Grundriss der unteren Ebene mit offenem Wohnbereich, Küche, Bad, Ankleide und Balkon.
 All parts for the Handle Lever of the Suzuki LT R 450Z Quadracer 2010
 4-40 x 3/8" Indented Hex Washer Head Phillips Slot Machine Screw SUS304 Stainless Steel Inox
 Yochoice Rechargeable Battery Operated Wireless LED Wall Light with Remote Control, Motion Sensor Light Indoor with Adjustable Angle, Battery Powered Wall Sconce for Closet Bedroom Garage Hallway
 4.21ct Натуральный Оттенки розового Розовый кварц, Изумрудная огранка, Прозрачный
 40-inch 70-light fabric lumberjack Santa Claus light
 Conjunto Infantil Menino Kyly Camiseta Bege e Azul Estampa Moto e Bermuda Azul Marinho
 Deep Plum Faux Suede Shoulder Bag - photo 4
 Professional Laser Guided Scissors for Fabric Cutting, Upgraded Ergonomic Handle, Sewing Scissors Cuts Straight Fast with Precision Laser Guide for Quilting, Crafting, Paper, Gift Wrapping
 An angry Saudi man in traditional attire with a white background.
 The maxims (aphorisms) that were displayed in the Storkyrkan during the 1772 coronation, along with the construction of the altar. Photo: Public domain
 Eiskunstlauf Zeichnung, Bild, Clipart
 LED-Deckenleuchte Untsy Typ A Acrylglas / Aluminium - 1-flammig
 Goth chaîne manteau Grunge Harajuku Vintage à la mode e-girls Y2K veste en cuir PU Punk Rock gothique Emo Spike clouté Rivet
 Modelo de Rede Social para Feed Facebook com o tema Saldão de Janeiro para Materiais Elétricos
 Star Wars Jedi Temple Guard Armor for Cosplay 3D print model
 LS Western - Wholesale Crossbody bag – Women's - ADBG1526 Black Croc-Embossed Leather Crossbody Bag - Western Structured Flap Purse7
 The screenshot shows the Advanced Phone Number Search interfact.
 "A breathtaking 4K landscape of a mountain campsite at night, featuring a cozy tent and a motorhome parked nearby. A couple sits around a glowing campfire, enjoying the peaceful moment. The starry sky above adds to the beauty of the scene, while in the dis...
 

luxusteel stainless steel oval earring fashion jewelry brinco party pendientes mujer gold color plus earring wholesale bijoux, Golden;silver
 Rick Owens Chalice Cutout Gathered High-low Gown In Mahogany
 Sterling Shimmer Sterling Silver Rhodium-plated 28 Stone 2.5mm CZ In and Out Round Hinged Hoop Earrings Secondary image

+ + + +

Please give an exact restatement of only the lines from the beginning of the material above to the line with "40-inch 70-light fabric", inclusive.

Completed exercise:
Grundriss der unteren Ebene mit offenem Wohnbereich, Küche, Bad, Ankleide und Balkon.
 All parts for the Handle Lever of the Suzuki LT R 450Z Quadracer 2010
 4-40 x 3/8" Indented Hex Washer Head Phillips Slot Machine Screw SUS304 Stainless Steel Inox
 Yochoice Rechargeable Battery Operated Wireless LED Wall Light with Remote Control, Motion Sensor Light Indoor with Adjustable Angle, Battery Powered Wall Sconce for Closet Bedroom Garage Hallway
 4.21ct Натуральный Оттенки розового Розовый кварц, Изумрудная огранка, Прозрачный
 40-inch 70-light fabric lumberjack Santa Claus light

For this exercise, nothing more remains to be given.